The TPP is also controversial and unpopular in America. In this video from The Young Turks, the anchors John Iadarola, Michael Shure and Elliot Hill discuss the findings of researchers from Tufts University’s Global Development and Environment Unit. The Tufts researchers found that the claims that the TPP would promote economic growth and jobs were all wrong. Instead, they predict that in America, GDP will be 0.54% lower than it would be without the trade deal. The Japanese would also be worse off by 0.12%.
The also state that there would be minimal or negligible economic gains for the participating countries. There would be less than 1% economic growth for the nations in the Developed World after ten years, and only 3% for nations in the Developing World.
771,000 jobs would be lost due to the deal. The most severe job losses would be felt in America, which would lose 448,000. The countries that did not participate in the trade deal would also suffer massive job losses. In the Developed World, GDP would suffer by 3.77%, and 879,000 jobs would be lost, mostly in Europe. In the Developing World, the economic losses would include 5.24% of the GDP and 4.45 million jobs lost in China and India.

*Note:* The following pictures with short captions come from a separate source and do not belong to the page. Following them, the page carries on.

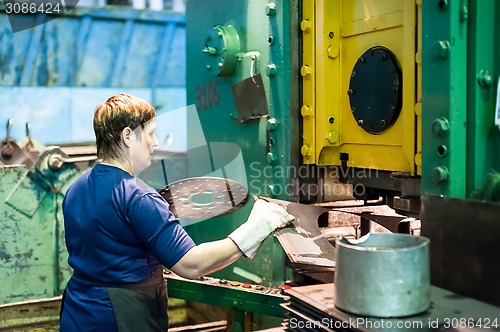 Image of Woman stamps details on hydraulic press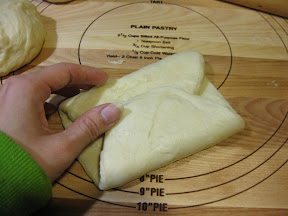 a process photo showing how the other end is folded to meet the other end of the dough in the middle of the oval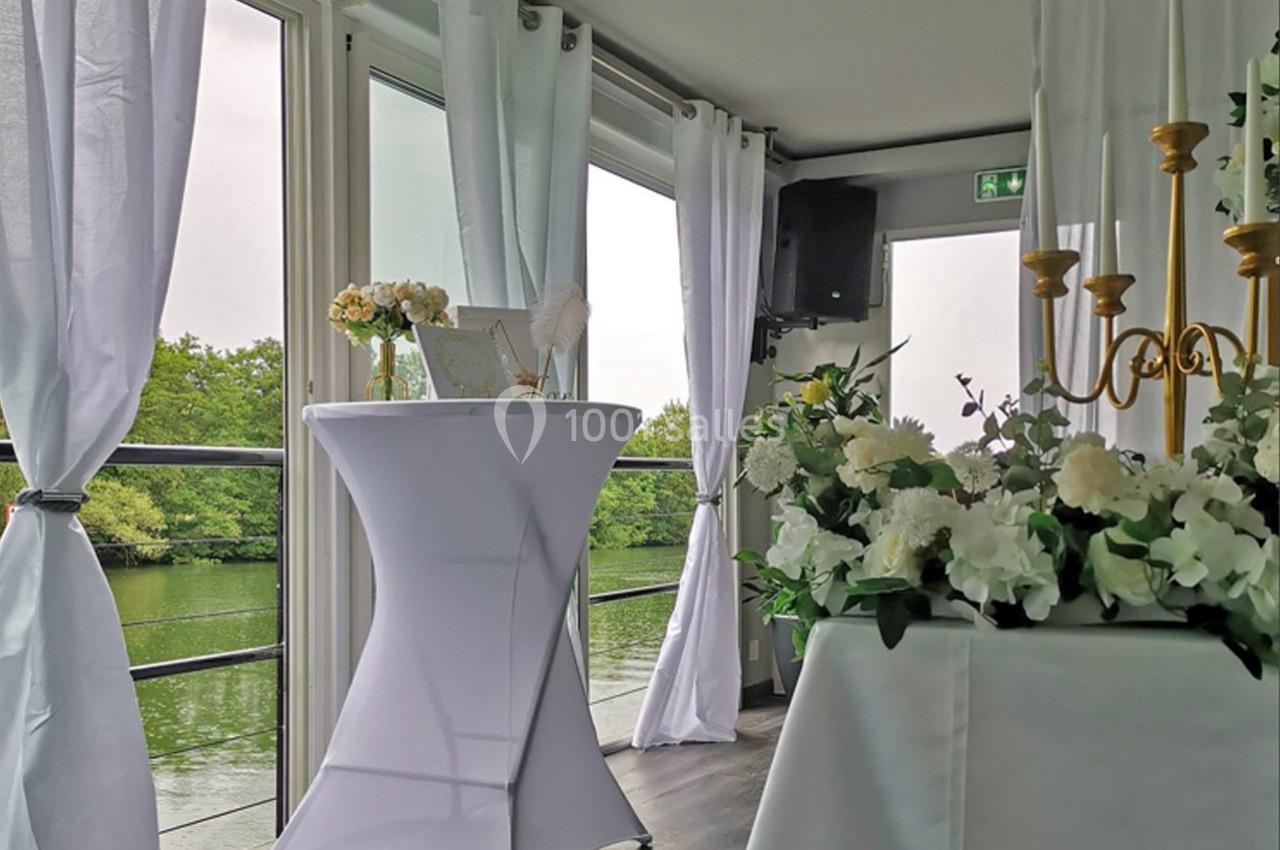 Salle lumineuse avec vue sur un plan d'eau, décorée de fleurs blanches, bougies et une table haute drapée de blanc.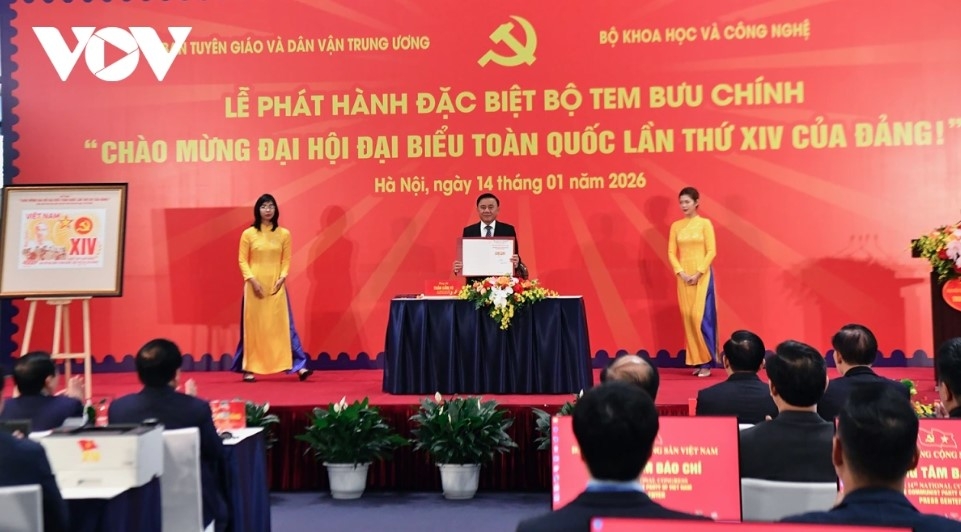 Standing Secretariat member Tran Cam Tu shows the special stamp set marking the 14th National Party Congress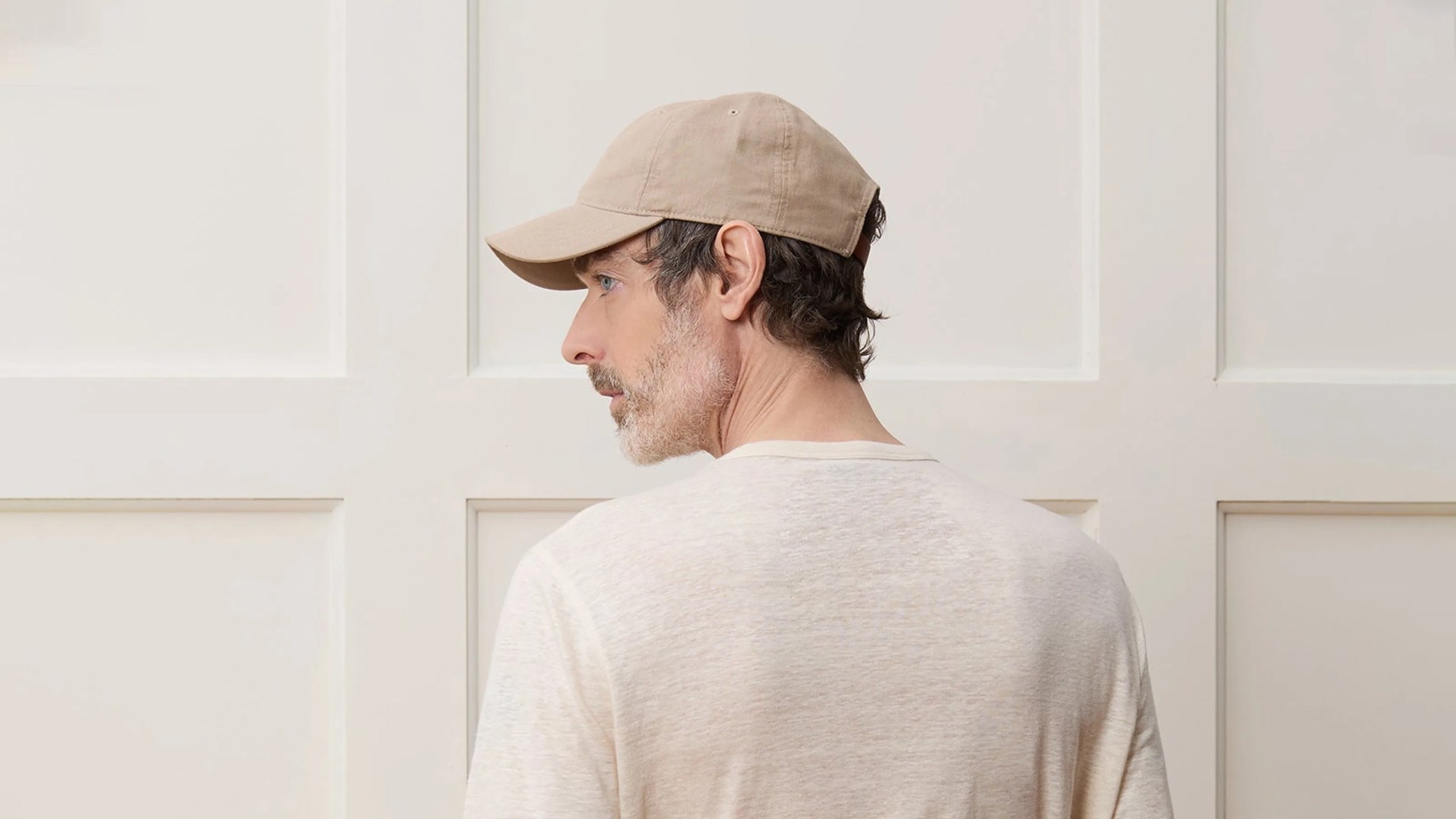 A white male is shown from behind, looking to the left, wearing a light tan Todd Snyder baseball hat. In background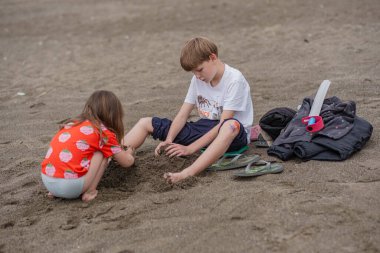 A girl in a red T-shirt and striped shorts plays with her older brother in the sand and stones on the sea beach. Girl and boy on the sea beach on a cloudy day.
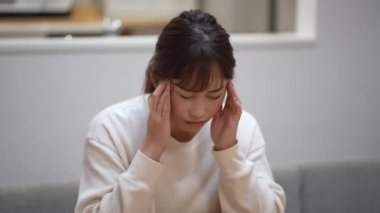 woman feeling a headache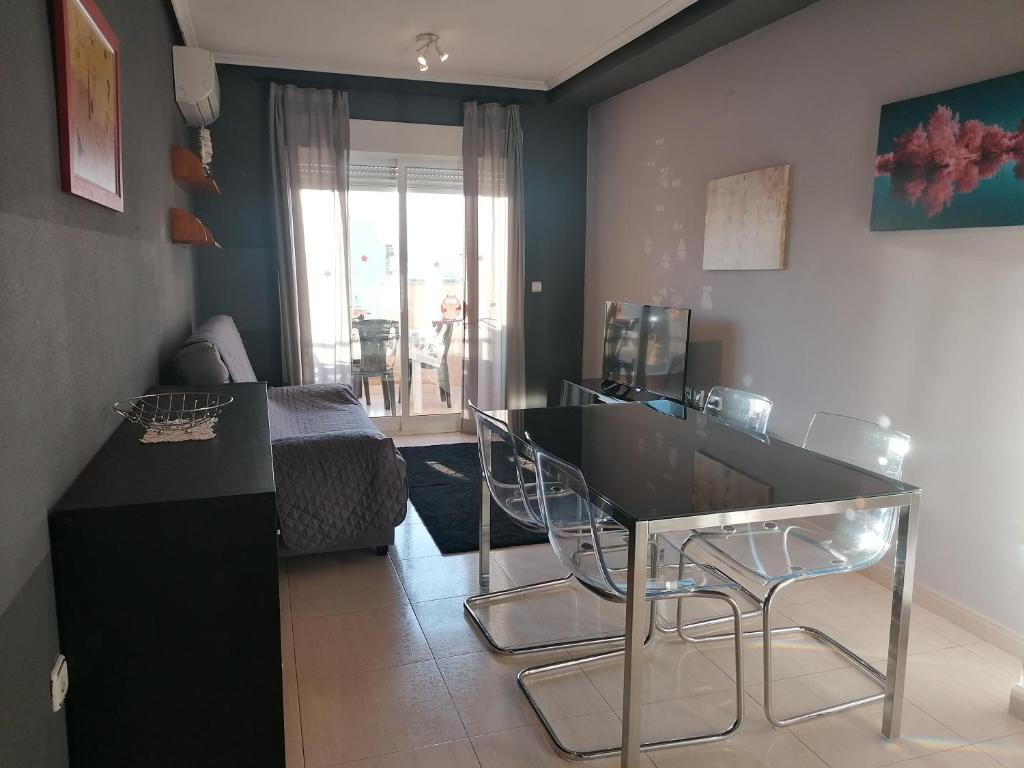 Zimmer mit einem Tisch und Stühlen sowie einem Schlafzimmer in der Unterkunft Sea and Relax Apartment By MM in Torrevieja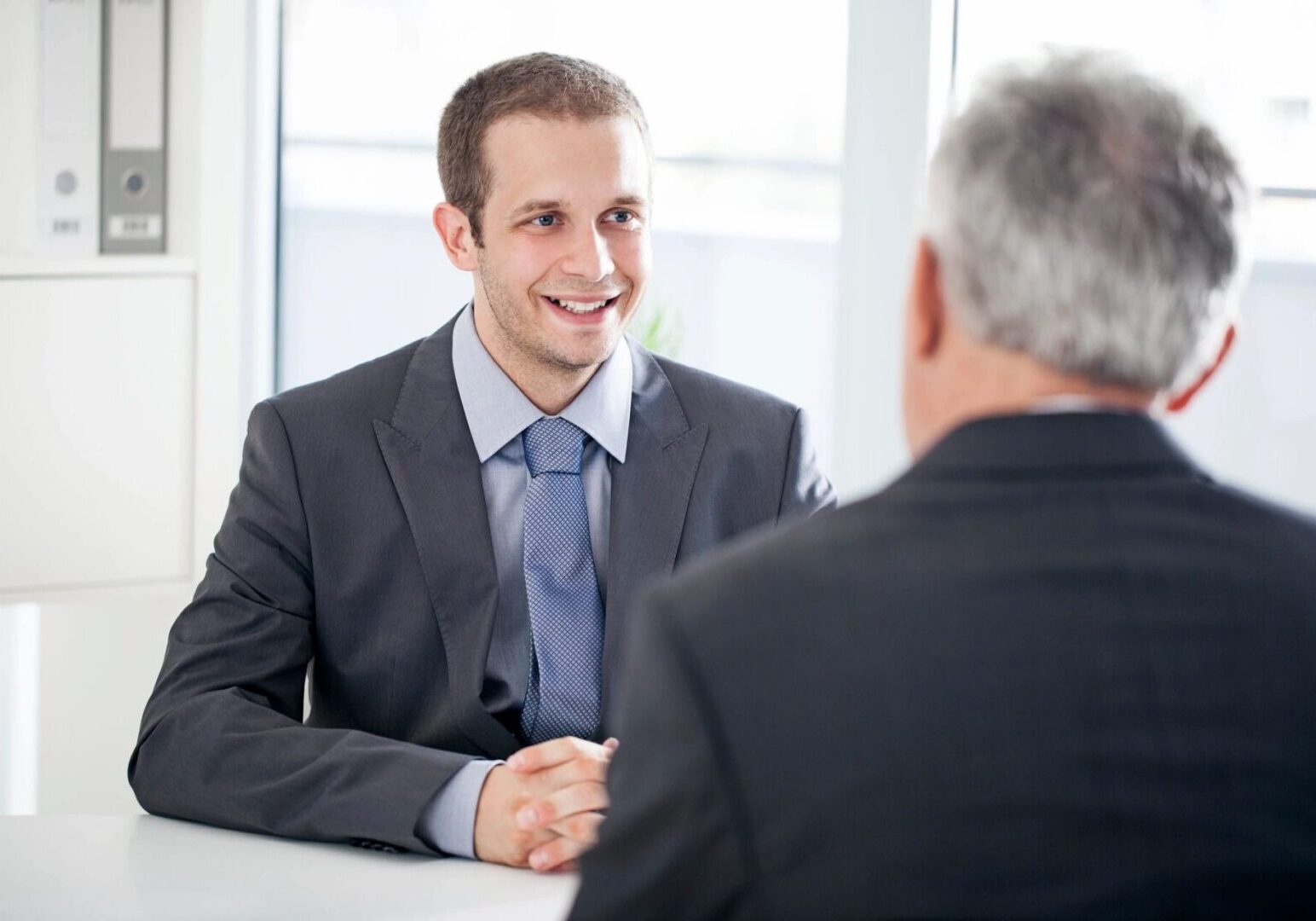 A man in suit and tie shaking hands with another person.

The Turks acknowledge that there are other predictions that the economy will actually grow under the TPP, and state they merely want to start a conversation about this issue. But from this, it seems clear that the TPP will be devastating to nations right across the globe. The only people, who will profit from it are the leaders of big business. Everybody else seems set to lose their jobs and see their nations become even more impoverished.
The Turks also ponder how it can be that whatever the price of oil, it’s bad for the economy. When the price is high, it’s harming the economy. When it’s low, this also harms the economy. John Iadarola suggests, half-jokingly, that it’s time we stopped being dependent on oil. He mentions that he did a piece the other day on how Denmark got 42% of its power from wind. He doesn’t say this would be possible in America, but something should be done to make America less dependent on it.
This programme provides further evidence that the TPP is altogether harmful, and should be firmly resisted by everyone, whether they’re in Britain, America, China, Japan, India or wherever.